In 2018, the state Supreme Court quietly made a decision that could affect tens of thousands of people who own property on flowages in Wisconsin.
The decision could stop many of them from putting in piers or even accessing the water, but an advocacy group wants a new law to change that.
Two years ago, the Wisconsin Supreme Court ruled in favor of a Price County man.
It said he could block his neighbor, who happened to be his sister, from putting in a pier, since he owned the ground underneath the flowage in front of the sister’s property.
The court’s decision surprised Tom Larson, the Senior Vice President of Legal and Public Affairs at the Wisconsin Realtors Association.

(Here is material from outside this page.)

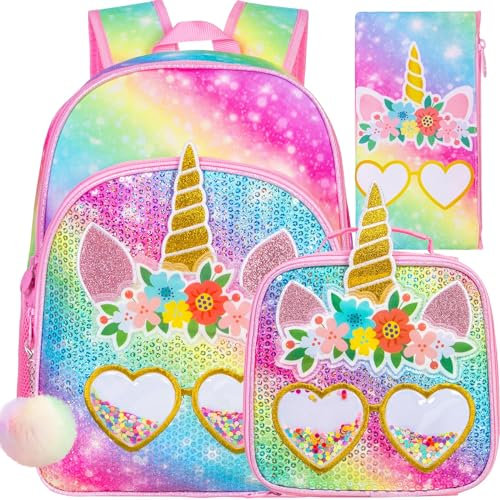 ZLYERT Rucksack für Mädchen und Jungen, Dinosaurier-Einhorn-Büchertasche für Grundschule, Vorschulstudenten, 40,6 cm, Kinderrucksäcke mit Lunchbox, Love Unicorn Pink, 16 Inches, Tagesrucksäcke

“The Supreme Court…overturned 140 years of case law, which had said that if you are a riparian owner, meaning you own waterfront property, you are presumed to have what’s called riparian rights, which is the right to be able to access the water and to be able to place a pier that touches on the bed of a waterway,” Larson said.

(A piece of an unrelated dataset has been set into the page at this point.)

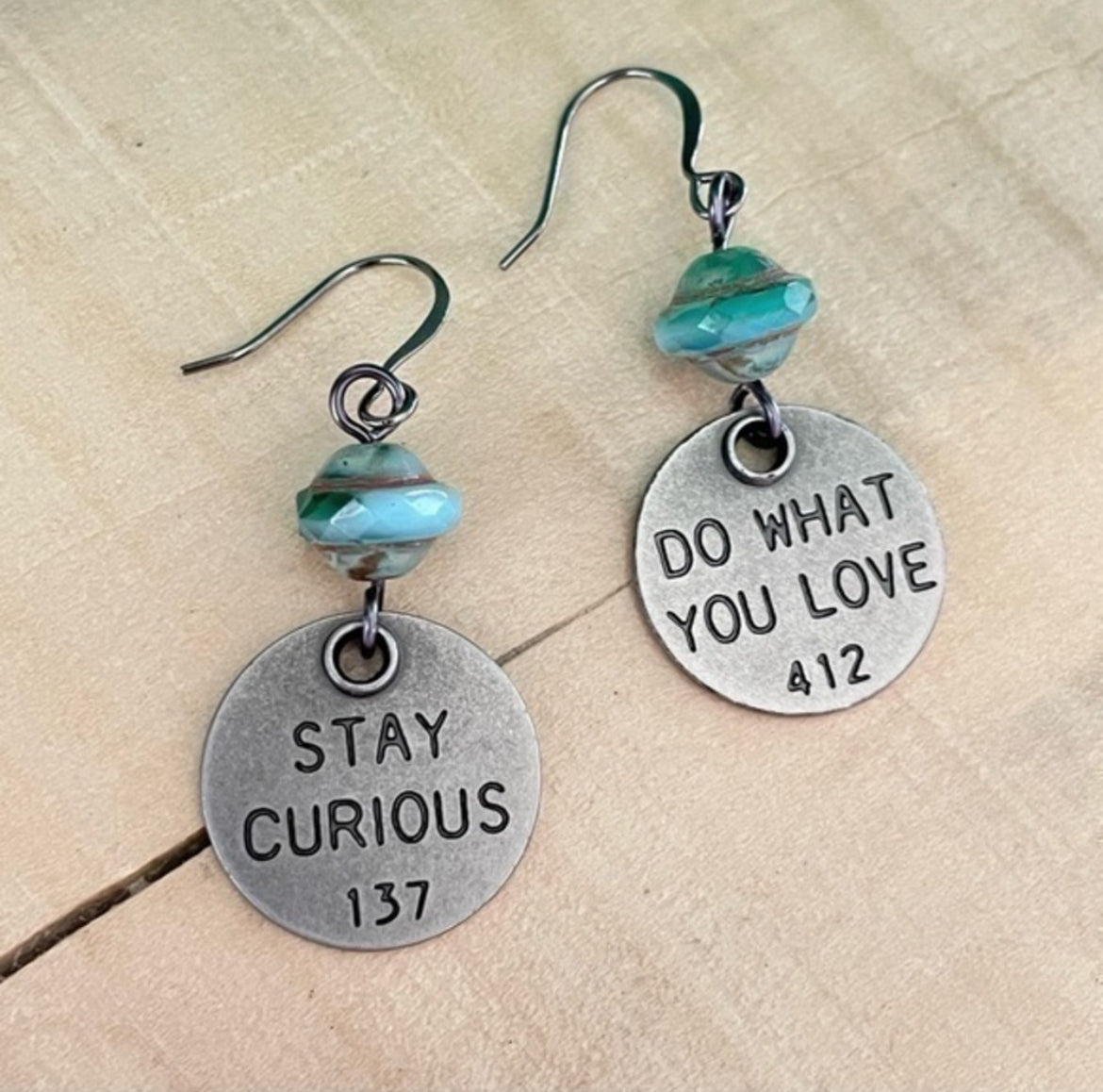 Handmade Mixed Stamped Metal Charm & Glass Bead Earrings Asymmetric Curious Love Inspiration Motivation Positive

The Supreme Court’s decision threw into question the rights of waterfront property owners on Wisconsin’s 260-plus flowages.

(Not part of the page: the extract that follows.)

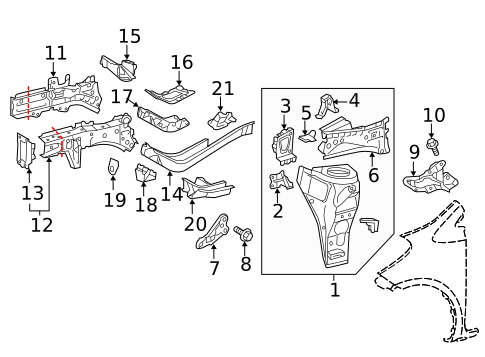 Structural Components & Rails for 2015 Scion iQ #0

“As a result, we have thousands of waterfront property owners that have had piers that now are prohibited from keeping those piers in the flowages,” Larson said.
Now, the Realtors Association is strongly supporting a bill that would reverse court action.
It would ensure waterfront property owners always have the right to access the water and put in piers, no matter who owns the flowage bed underneath.
“We wanted to make the rights of all waterfront property owners, including those that have property adjacent to a flowage, protected in the statutes,” Larson said.
The bill is up for a public hearing on Thursday.
Its supporters include senators from Janet Bewley (D-Delta) on the left to Tom Tiffany (R-Minocqua) on the right.